Я вздохнул и наклонился вперед на своем стуле.
— Когда я в первый раз приехал в эту страну, кто-то сказал мне, что существуют три вещи, которые не может объяснить ни один исландец — даже другому исландцу: исландская политическая система, исландская экономическая система и исландские законы, регламентирующие продажу спиртных напитков. В данную минуту нас не интересует алкоголь, но политика и экономика расположены в верхней части списка проблем, которые меня беспокоят.
— Я не понимаю, о чем ты говоришь, — произнесла Элин несколько озадаченно.

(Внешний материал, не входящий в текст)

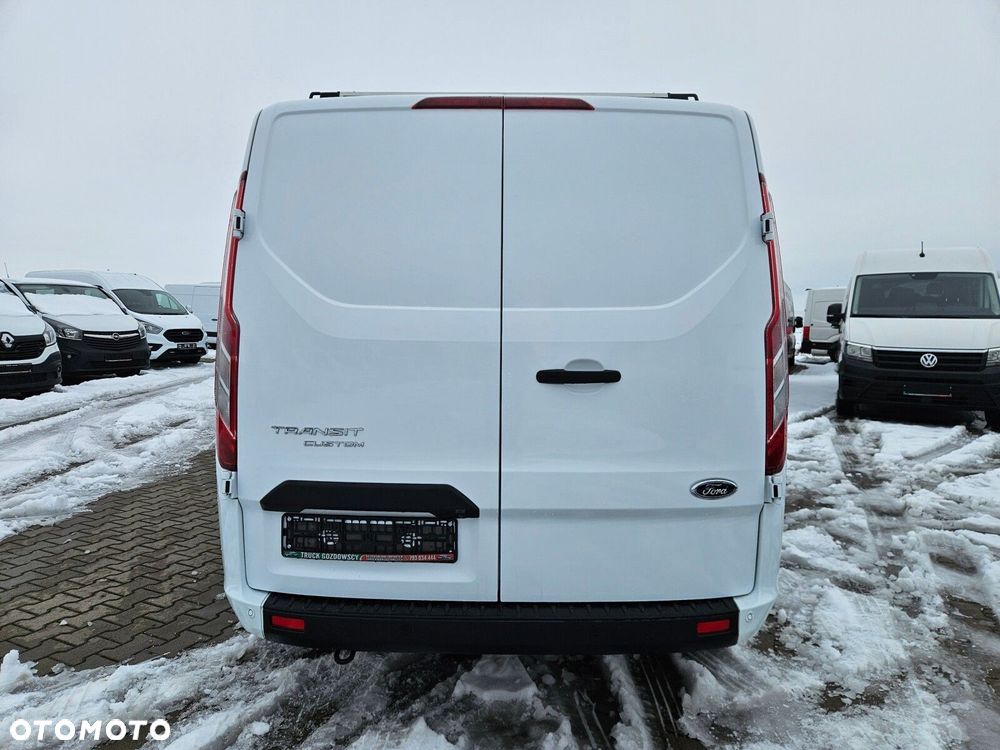 Ford transit-custom L2H1 *74900zł NETTO* Brygadówka 6 osób 2.0 TdCi/170KM - 10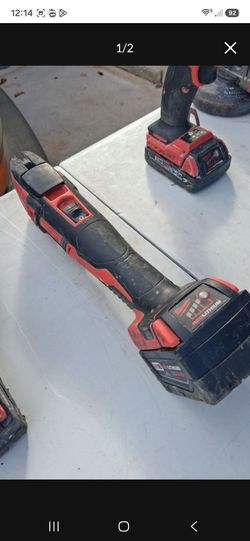 Milwaukee M18 multi tool +battery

— Я говорю вот про этот холодильник, — сказал я. — И про эту кофемолку. — Мой палец снова вытянулся. — И про электрический чайник, и про транзисторный приемник. Они все импортированы, а чтобы позволить себе импорт, вы должны поставлять товары на экспорт — рыбу, баранину, шерсть. Косяки сельди ушли от берега на тысячу миль, оставив ваш сельдяной флот на мели. Ваши дела и без того достаточно плохи, чтобы делать их еще хуже.
Сигурлин изогнула брови.
— Что ты имеешь в виду?
— В данном столкновении участвуют три страны — Британия, Америка и Россия. Предположим, что борьба перейдет в дипломатическое русло и будет объявлена нота протеста, гласящая: «Перестаньте вести свои сражения на исландской территории». Ты думаешь, подобные вещи возможно удержать в секрете? В каждой стране есть люди с крайними политическими взглядами — я уверен, Исландия здесь не исключение, — и они все поднимут большой шум.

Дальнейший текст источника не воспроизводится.